_THE RECORDS_.
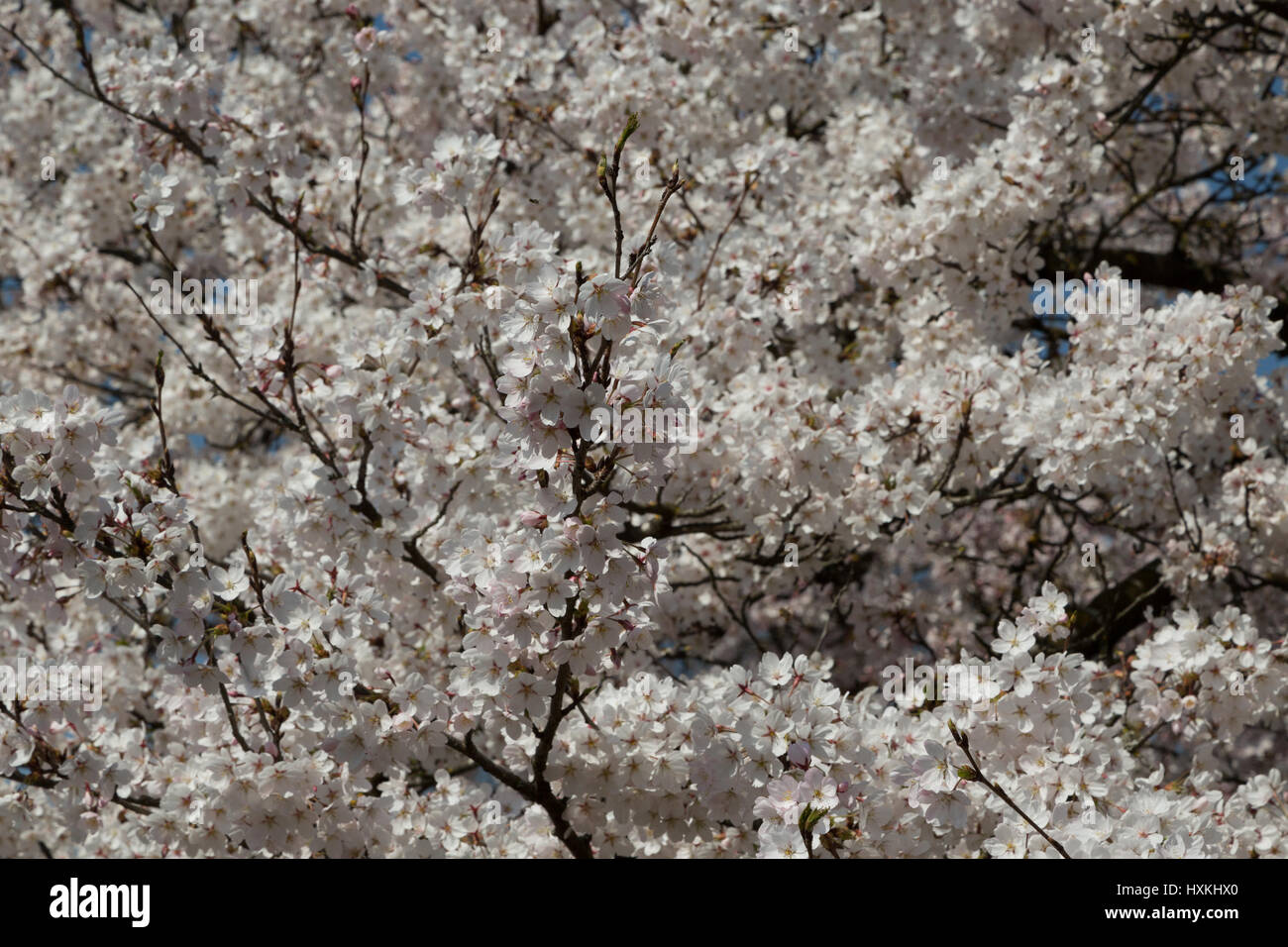 Una fotografia di alcuni giapponesi Fiori Ciliegio a Berna, Svizzera. Essi sono situati nel pubblico giardino di rose (Rosengarten) che si affaccia sulla città. Foto Stock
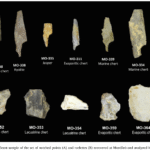 Screenshot 2025-05-17 175009 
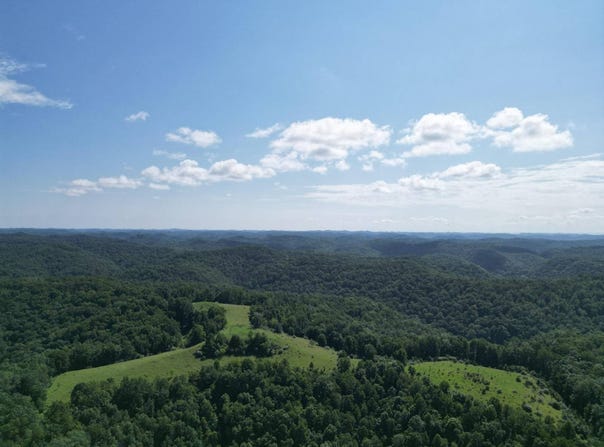 8829 Clay Road, Left Hand, WV 25251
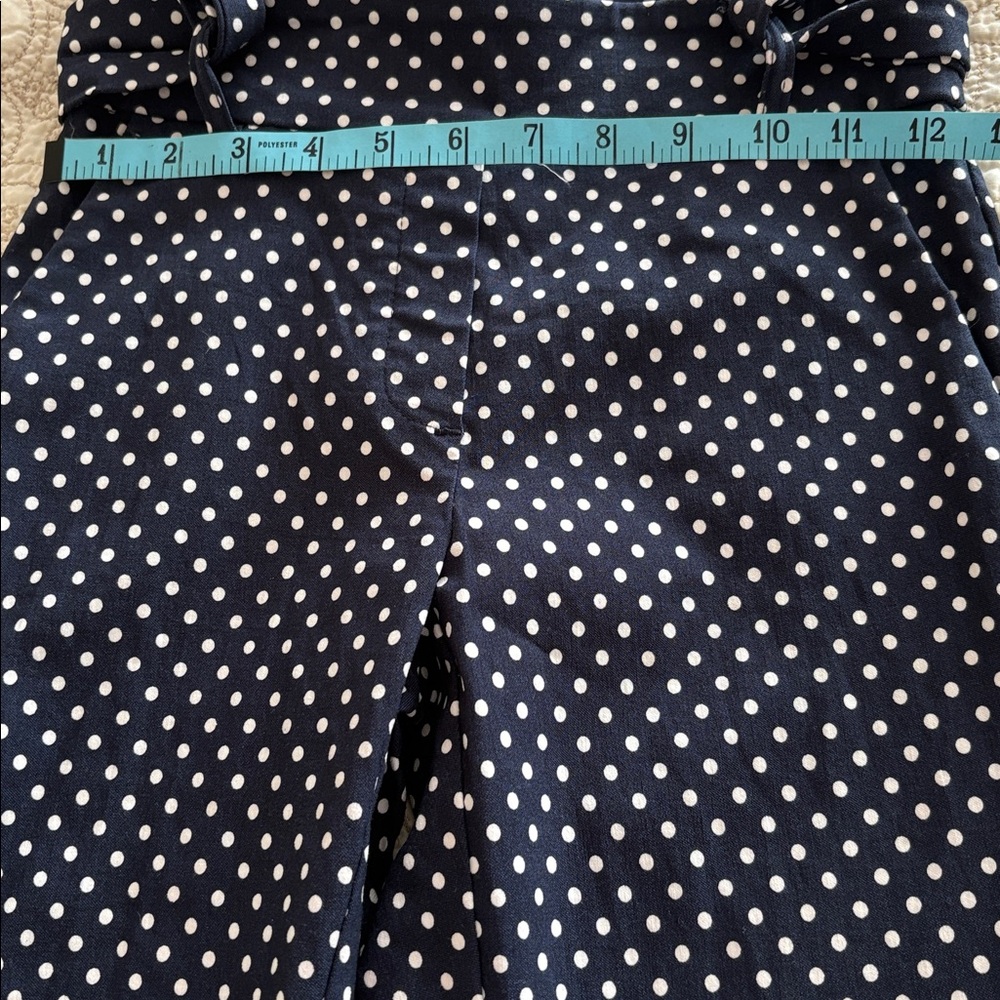 JULES & LEOPOLD Navy Polka Dot Pants - Picture 10 of 15
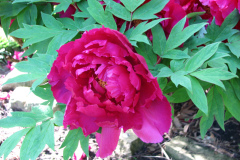 Peonies-Alizarin-Pink-42
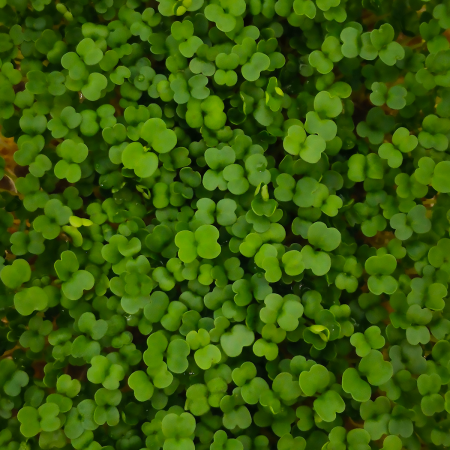 Индау (рукола)  для проращивания  фото в интернет-магазине "Сортовые семена"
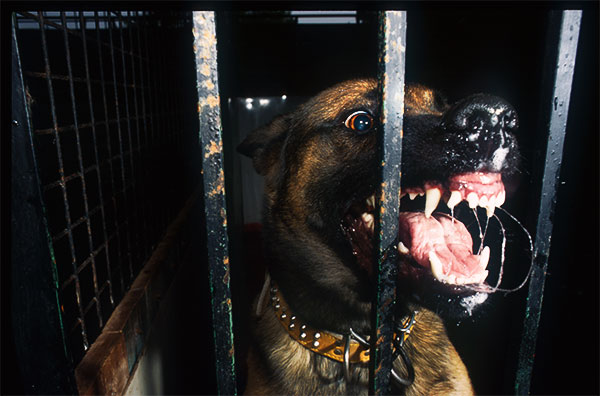 cane aggressivo paura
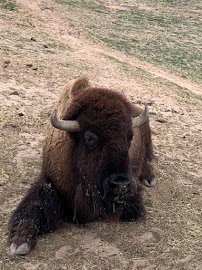 Amarillo Zoo photo 4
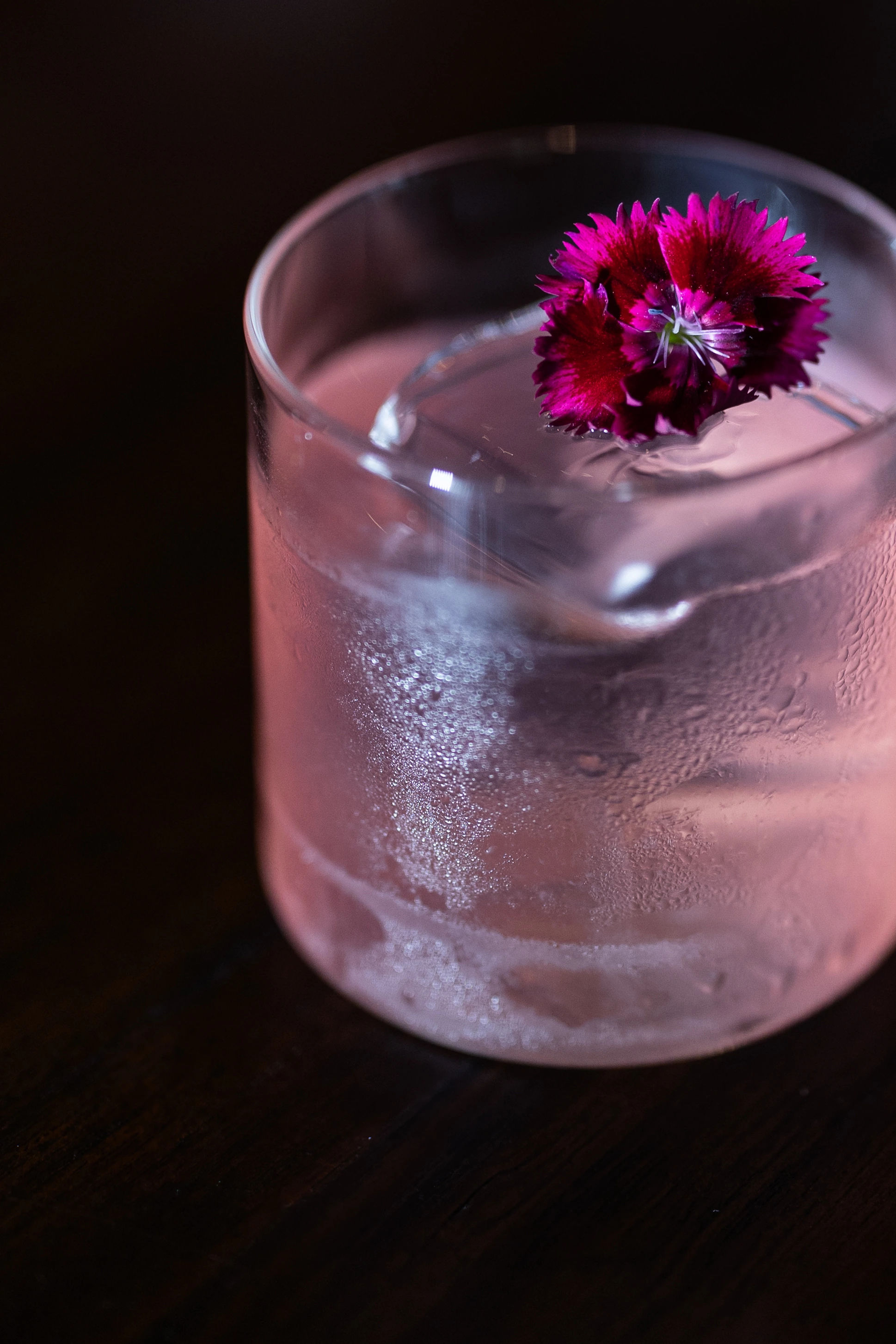 Still Nights, Strong Spirits: The Art of Slow Drinking at NOTTE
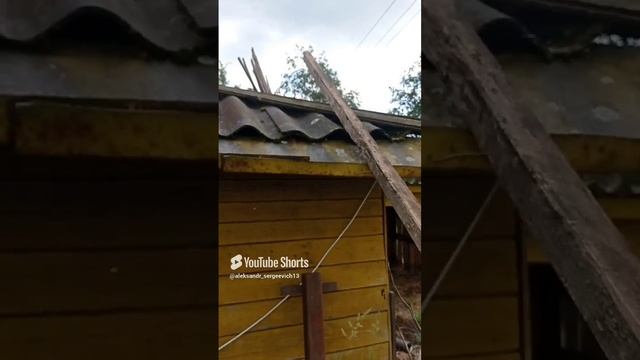Большое осиное гнездо под шифером на крыше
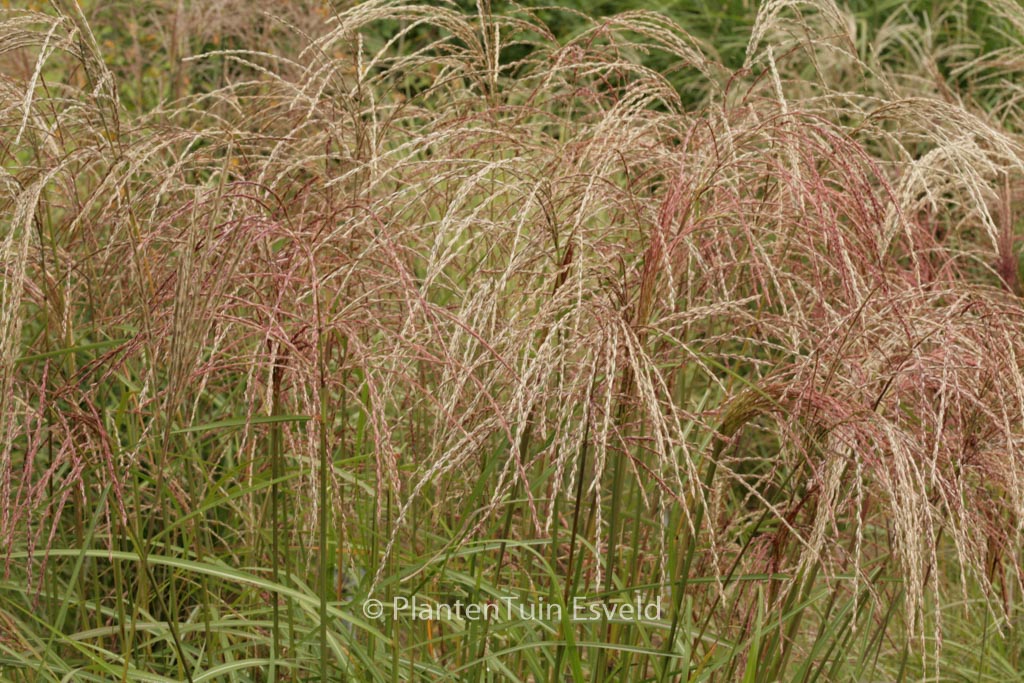 Miscanthus sinensis ‘Flamingo’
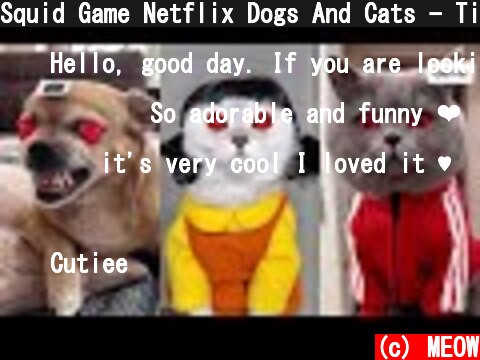Squid Game Netflix Dogs And Cats - Tik Tok Cats Squid Game | MEOW  (c) MEOW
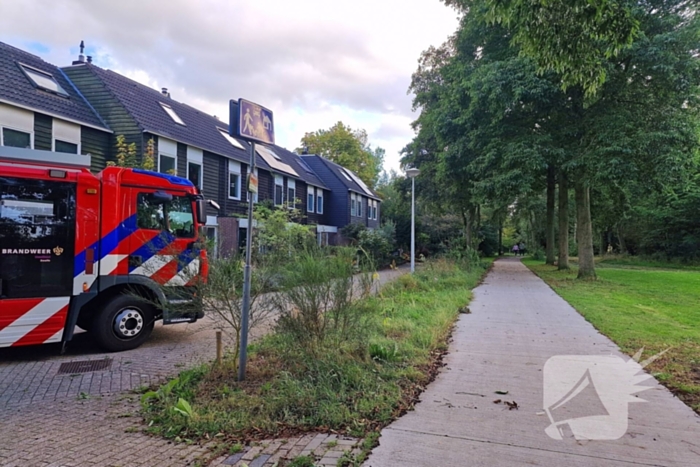 Buurtbewoners alarmeren brandweer om geknakt takje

_AIM OF THE TASK_. Skip the images and write out the rest of the listing exactly.

_SOLUTION FOR THIS EXERCISE_.
 Una fotografia di alcuni giapponesi Fiori Ciliegio a Berna, Svizzera. Essi sono situati nel pubblico giardino di rose (Rosengarten) che si affaccia sulla città. Foto Stock
 Screenshot 2025-05-17 175009 
 8829 Clay Road, Left Hand, WV 25251
 JULES & LEOPOLD Navy Polka Dot Pants - Picture 10 of 15
 Peonies-Alizarin-Pink-42
 Индау (рукола)  для проращивания  фото в интернет-магазине "Сортовые семена"
 cane aggressivo paura
 Amarillo Zoo photo 4
 Still Nights, Strong Spirits: The Art of Slow Drinking at NOTTE
Большое осиное гнездо под шифером на крыше
 Miscanthus sinensis ‘Flamingo’
Squid Game Netflix Dogs And Cats - Tik Tok Cats Squid Game | MEOW  (c) MEOW
 Buurtbewoners alarmeren brandweer om geknakt takje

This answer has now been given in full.